В рамке из лент и колосков они видят знаменитое выступление одного из самых влиятельных членов Политбюро («сутулый юноша с бледным лицом боксера»). На этом выступлении было сказано с лаконизмом, который потряс весь мир: «Жители Соединенных Штатов Америки и Канады неожиданно исчезли. В нашем мире по-прежнему много необъяснимого. Нам следует накормить их канареек и других домашних животных, оставшихся без присмотра». Так цинично и просто были мотивированы вторжение восточноевропейских войск и оккупация ими безлюдных территорий Северной Америки. Без особых объяснений сообщалось также, что СССР переименован в ССССР — Священный Союз Советских Социалистических Республик, готовый интегрировать в себя новые необитаемые пространства. Выражение «покормить канареек», надо полагать, вошло в язык после этого исторического выступления в значении «истребить кого-либо, чтобы завладеть его имуществом». Затем Монгольское Окошко, как сказочное яблочко на блюдечке, показывает словно бы посеребренный Вашингтон, куда втекают колонны унылых грузовиков с хмурыми и равнодушными солдатами. Мелькают казахские, бурятские, таджикские, монгольские, киргизские, русские, румынские, латышские и прочие лица в традиционных ушанках.

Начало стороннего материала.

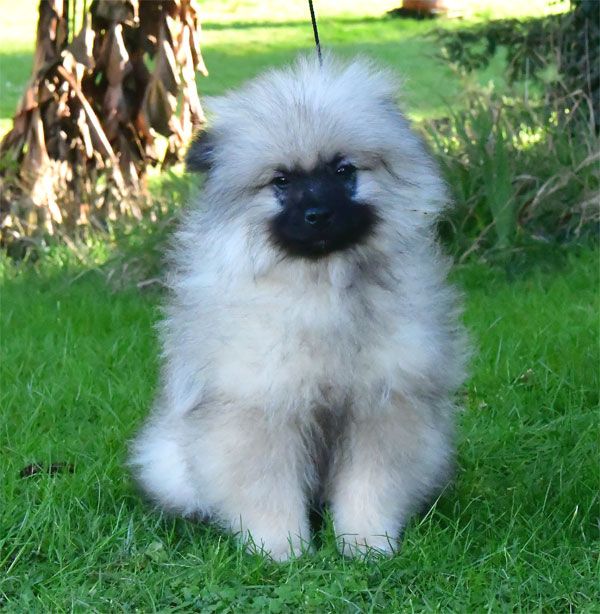 de dame nature - Chiots disponibles - Spitz allemand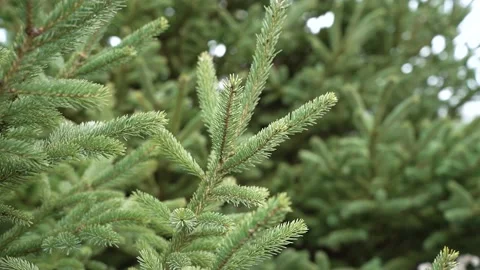 Fir tree in the forest Stock Footage 226476203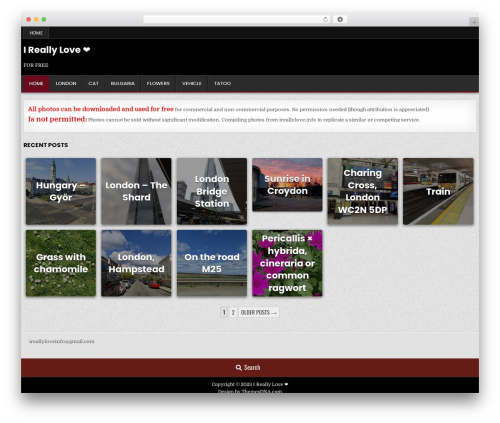 WordPress theme GridRead - ireallylove.info WordPress theme GridRead - ireallylove.info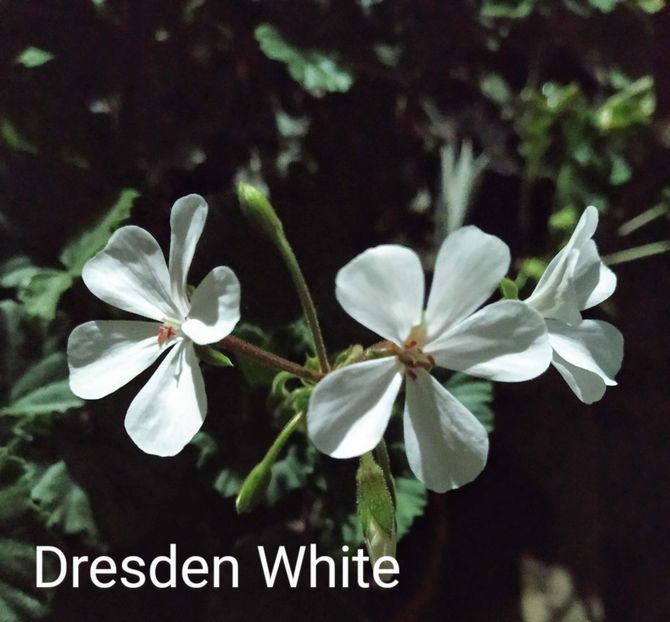 Dresden White - Muscate D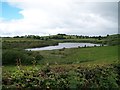H6509 : Coskemduff Lough, Co Cavan by Eric Jones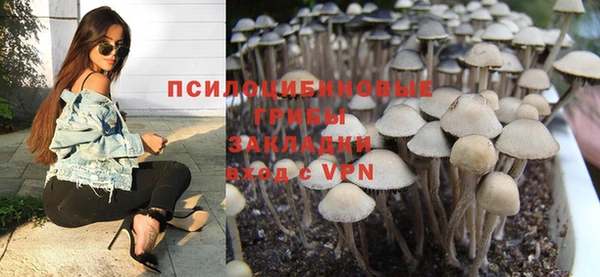 крисы Алексин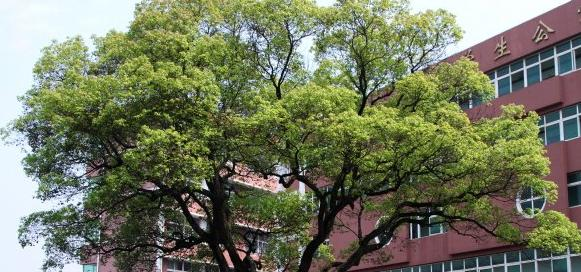 南昌汽车机电学校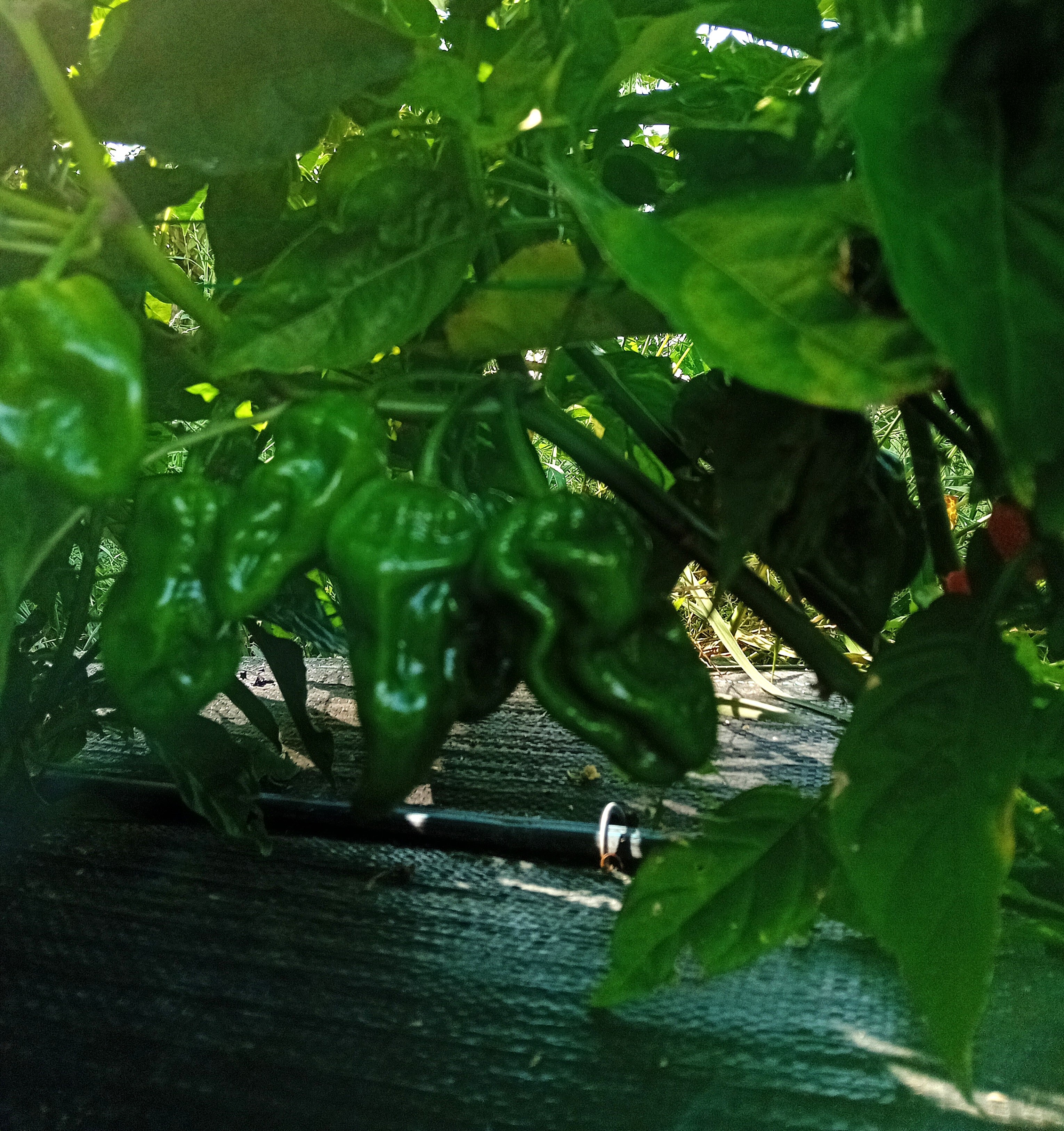 Seminţe Ardei - Sumatra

Фильм завершается разговором двух членов советского руководства — оба то ли с похмелья, то ли на отходняке. Они пьют пиво на задворках Белого Дома, устало закусывая сморщенными маслинами. Это «хиппи» и «боксер».
— Сегодня я приказал расстрелять этого мудака агронома, — хмуро говорит «боксер». — Он совершил преступление. Американцы нас обманули. Бросили одних в этом аду.
— И что, его расстреляли?
— Он в бегах. Пока не нашли. Ищут.
— И по какой статье он будет расстрелян?
— В нашей стране смертью карается лишь одно преступление — измена Родине.